I feel only a twinge of guilt about disturbing the nesting habits of the pair of Brewer’s blackbirds that had been coming to my yard for several years. My garden helper cut the hops vine down to the ground, and with it, the nest that the birds had begun. For several days after, the male bird sat on the rim of the old satellite dish atop the carport, squawking and raising his wings in displeasure.

I’m relieved that they’ve gone elsewhere and won’t be around to dive bomb me and my animals through the summer. The robins who lost their egg to the wind have also relocated, but only as far as the eave of the tool shed.

Other than the Conservancy’s bird talk, I spent the week at the Community Center, where on Thursday evening, Helen Thayer drew a big crowd to hear her talk about (literally) walking across the Gobi Desert in Mongolia. Thayer spoke without notes for more than one hour, using her slides to prompt her storytelling. Her description of the camels Tom and Jerry, the Mongolian people and an appalling windstorm were enthralling. Though their exploits are amazing, Helen and her husband, Bill, are down-to-earth people. Her books are available at the library.

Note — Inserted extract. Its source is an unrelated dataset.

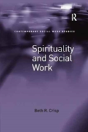 Spirituality And Social Work - Preview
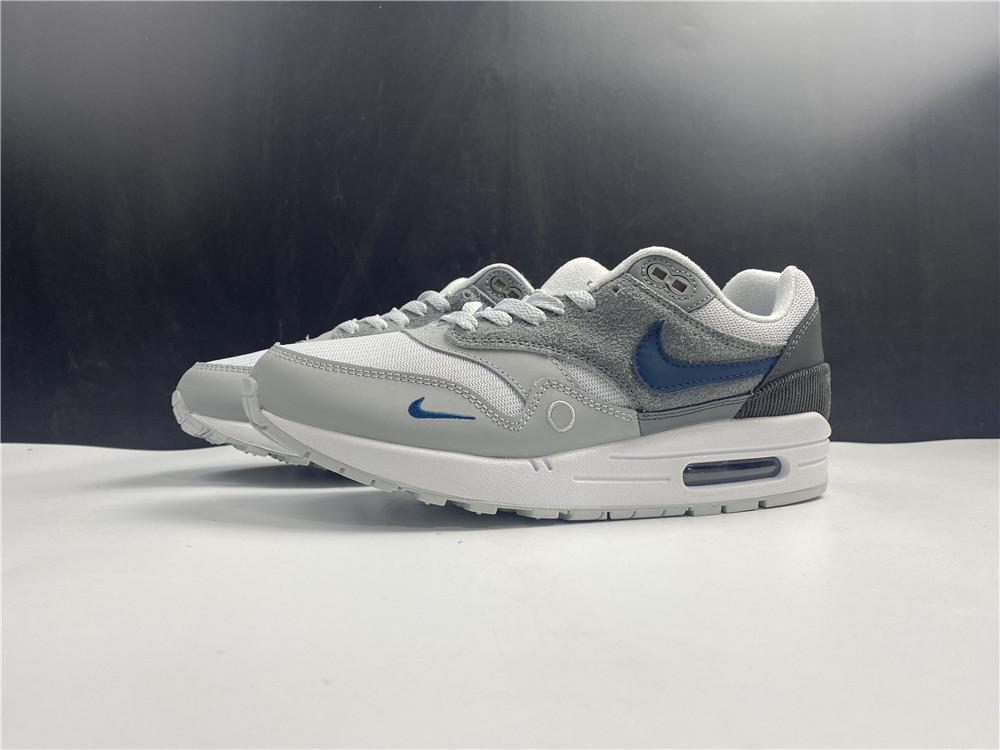 AM 1 London Shoes Sneakers - nk0001384 image 17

I miss “Weatherwatch” and the valley’s weatherman, Bill Biddle, who died this time last year. Thanks to his widow, Barbara, I’ve had access to Bill’s library, and have been learning about his wide and eclectic interests. Weather was just one of Bill’s passions. He loved poetry, especially the English Romantic poets and most especially, Byron; he loved painting, and collected volumes about the British Romantic landscape artist J.M.W. Turner.

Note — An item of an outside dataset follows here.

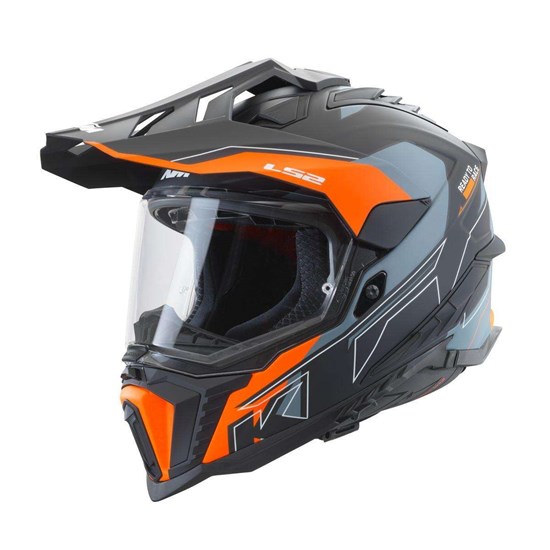 Imagen de EXPLORER HELMET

Bill was a teacher of English and history at prep schools in Massachusetts, Chicago, New Hampshire and Seattle. When he died, the original copies of the classics that he had taught to his students – all heavily annotated – were on his shelves. Barbara has allowed me to take many boxes of books from the Biddle home to sell at the annual Twisp Library Friends’ Memorial Day Book Sale on May 25 at the Community Center. A week before the sale a list of Bill’s books will be available at the library.

Twisp Library Friends will also be accepting books, audio books on discs, DVDs and CDs in saleable condition, after Thursday (May 16). They ask that you please not donate VHS recordings or books on tape. Books should be brought to the gym stage area after that date.